In March 2011, the National Security Agency received a secret message prior to the Western intervention in Libya. An intelligence unit in the United States military’s Africa Command required help to hack Libya’s cell phone network to be able to monitor their text messages. This task was easy for the NSA as they had already gotten their hands on technical information about their carrier’s internet system by spying on the documents sent among their company employees which were perfect to provide help to break into the networks.

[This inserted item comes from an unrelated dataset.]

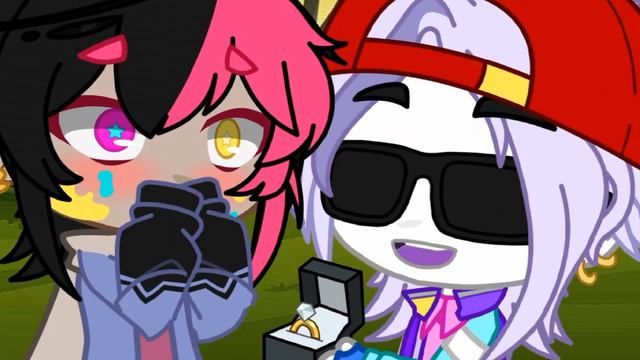 ✨Marry me Juliet - meme🌙 #gachaclub fresh x paper jam 🎶💍 Undertale.AU смотреть онлайн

NSA giving its assistance in this matter was not an isolated case, rather it was part of a much a larger surveillance program. Documents which were part of the material provided to The Intercept, NSA had spied on a number of companies and international organizations to be able to find weaknesses in their cell phone technology which they could exploit. It also reveals how NSA plans on introducing new flaws
communication systems which they can tap into which is seen to be a controversial
The covert operation is known as AURORAGOLD and has monitored content which has been sent and received by more than 1200 email accounts as part of major cell phone network operators and has also intercepted confidential papers which have helped
NSA hack into cell phone
According to a cell phone security expert and cryptographer, Karsten Nohl, the broad scope of the information collected from AURORAGOLD appears to be aimed at ensuring that NSA can access every cell phone network possible. He also said that collecting such an inventory on world networks is likely to have ramifications as well since it does allow the NSA to track and circumvent upgrades in encryption technology, which is used by cell phone companies to prevent calls and texts from being eavesdropped. The operation is one which is carried out by special surveillance units of the NSA whose existence hasn’t been disclosed.
The information which is collected from the companies is passed to the signals development team of the NSA which focuses on infiltrating communication networks. It is also shared with other agencies which are NSA’s counterparts in countries known as the Five Eyes surveillance which include the UK, Canada, New Zealand and Australia.
The NSA documents do not have the names of many operations apart from those in Iran, China and Libya. However a world map feature in 2012 suggests that the NSA has network coverage in almost every country in every continent. One of the main targets under the AURORAGOLD program is the GSM Association, headquartered in London which represents the interests of more than 800 cell phone software and internet companies from almost 220 countries.
The NSA focuses on getting their hands on important and obscure information which is circulated among the GSMA’s members which are known as IR.21s most cell phone network operators share IR.21 documents with each other as part of their agreement allowing customers to connect to the foreign networks while they are abroad.
The details of the IR.21 serve as a warning mechanism which flags any new technology, which is used by network operators. This allows NSA to identify any security vulnerabilities in latest communication systems which can be exploited and helps efforts made to introduce further vulnerabilities where they may not even exist.
The IR. 21’s also contain information about the encryption which is used by cell phone companies in order to keep their
customers communication safe and private while they are transmitted across the
networks. These details are of interest to the NSA as they can help in
listening to conversations.
Last year, the Washington Post stated that the NSA had managed in breaking the most common encryption algorithm used which is known as A5/1. The information which is collected under AURORAGOLD however, allows the agency to focus on circumventing stronger and newer versions of the cell phone encryption system such as the A5/3.
Extensive attempts to attack cell phone encryption
has been replicated throughout the Five Eyes surveillance alliance
Documents by the NSA show that the focus is placed on collecting details about all technical standards which are used by cell phone operators and their efforts to stay ahead in technology yields surprising results. In 2010, its operatives had found new ways to penetrate the fourth generation of smart phone era technology for surveillance, years before it was adopted by people all around the world.
The agency says that their targets are terrorists, weapons proliferators and other foreign targets and not ordinary people. However the methods used by them and their partners pose significant risks. In April, officials from the White House confirmed that Obama had told the NSA to disclose any vulnerabilities it may find, however qualified that with a loophole
flaws should be secretly exploited as long as there is deemed to be a
clear national security or law enforcement use.
Nicki is a tech blogger and gadget lover, she loves to write about Android and iOS security and cell phone spy apps.